The remaining crew darting inside a hangar. Reid said, “There was an ill-tempered army sergeant handing out weapons and ammo. We snatched up pistols and clips of ammo then headed out a side door. The sergeant saw us and screamed, ‘You have to sign for those weapons!’ We yelled back…uh, well, you can’t print what we yelled back.”

At a nearby hospital Reid’s aircrew witnessed the real horrors of war. He recalled, “The wounded were pouring in, men with missing arms and legs, several horribly burnt, all screaming in agony. The surgeons and nurses did their best to cope against impossible odds. I’m not normally upset by seeing accidents or even death, but that morning was a bit too much. I sat down on the hospital steps and collected my thoughts before I could get moving again.”

Ernest “Roy” Reid did indeed ‘get moving’ again.

He provided comfort and aid to injured civilian and military personnel before, during, and after the Japanese second attack wave before eventually co-piloting another B-17 to Australia. From Australian, Reid flew copilot on bombing runs and reconnaissance missions. Promoted to Captain, he commanded his own B-17 out of Seven Mile Airfield on New Guinea and completed 50 perilous missions, including against the heavily defended Japanese stronghold at Rabaul. On one mission, Reid and his crew were bushwhacked by 8 Japanese Zeroes.

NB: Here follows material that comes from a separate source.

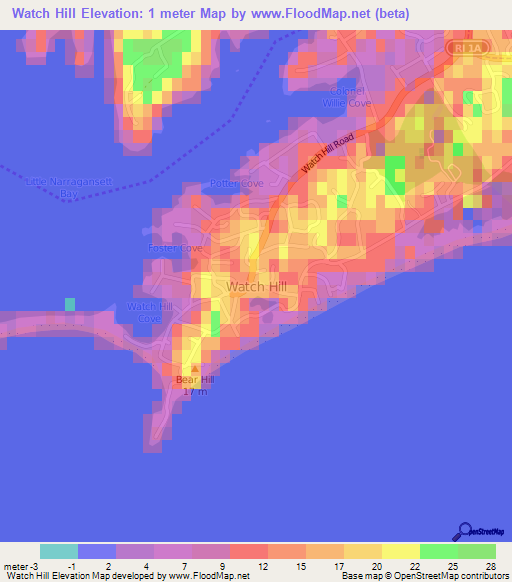 Watch Hill,US Elevation Map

A few went down in flames; the rest gave up, Reid said, “I thought we were goners, but the gunners did a great job and cleansed the sky of Zeroes.”

A photo of Roy Reid when he took a courtesy flight on the Memphis Belle

An aviation addict, Reid also logged flight time in a P-38 Lightning, P-51 Mustang, F-4 Hellcat, a P-47 Thunderbolt, and a British Spitfire. Asked how a bomber pilot managed to log time in fighters, Reid replied, “That was easy. The fighter jockeys wanted to fly a B-17 and I wanted to get behind the controls of their fighters. So, we swapped seats for what we referred to as ‘orientation flights’.” Asked if the ‘orientation flights’ complied with regulations, Reid stated, “Well, we sort of gave each other permission.” Did the same hold true for the British Spitfire? With a big grin planted on his face, Reid replied, “I sort of stole the Spitfire.”

The day after their B-17 burned into two pieces on Hickam Field, Reid and his crew boarded the destroyed bomber to salvage whatever they could. Reid never complained about steel plates again. He found four Japanese bullets embedded into the back of the copilot seat.

Colonel Roy Reid was called home for his Final Inspection on September 18, 2015.